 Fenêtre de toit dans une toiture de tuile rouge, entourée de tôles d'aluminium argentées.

###

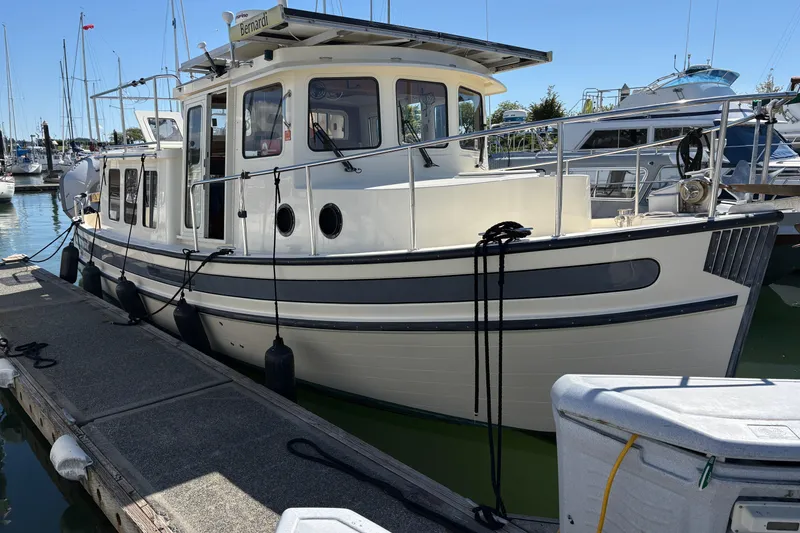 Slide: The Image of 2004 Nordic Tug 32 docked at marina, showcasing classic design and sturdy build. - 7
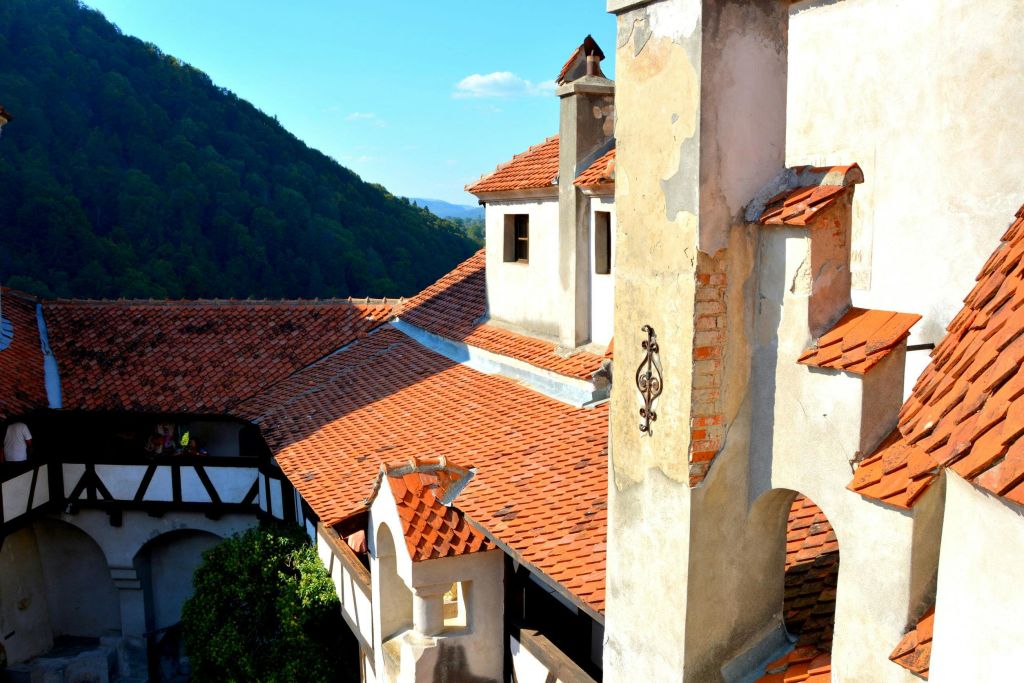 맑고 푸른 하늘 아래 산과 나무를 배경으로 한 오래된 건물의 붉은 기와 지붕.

###

ACTIVITY. All pictures are to be skipped. Output, word for word, the lines in the data above starting at the line containing "Slide: The Image" and ending at the line containing "맑고 푸른 하늘 아래 산과 나무를 배경으로 한 오래된 건물의 붉은 기와 지붕.".

SOLUTION FOR THIS EXERCISE.
 Slide: The Image of 2004 Nordic Tug 32 docked at marina, showcasing classic design and sturdy build. - 7
 맑고 푸른 하늘 아래 산과 나무를 배경으로 한 오래된 건물의 붉은 기와 지붕.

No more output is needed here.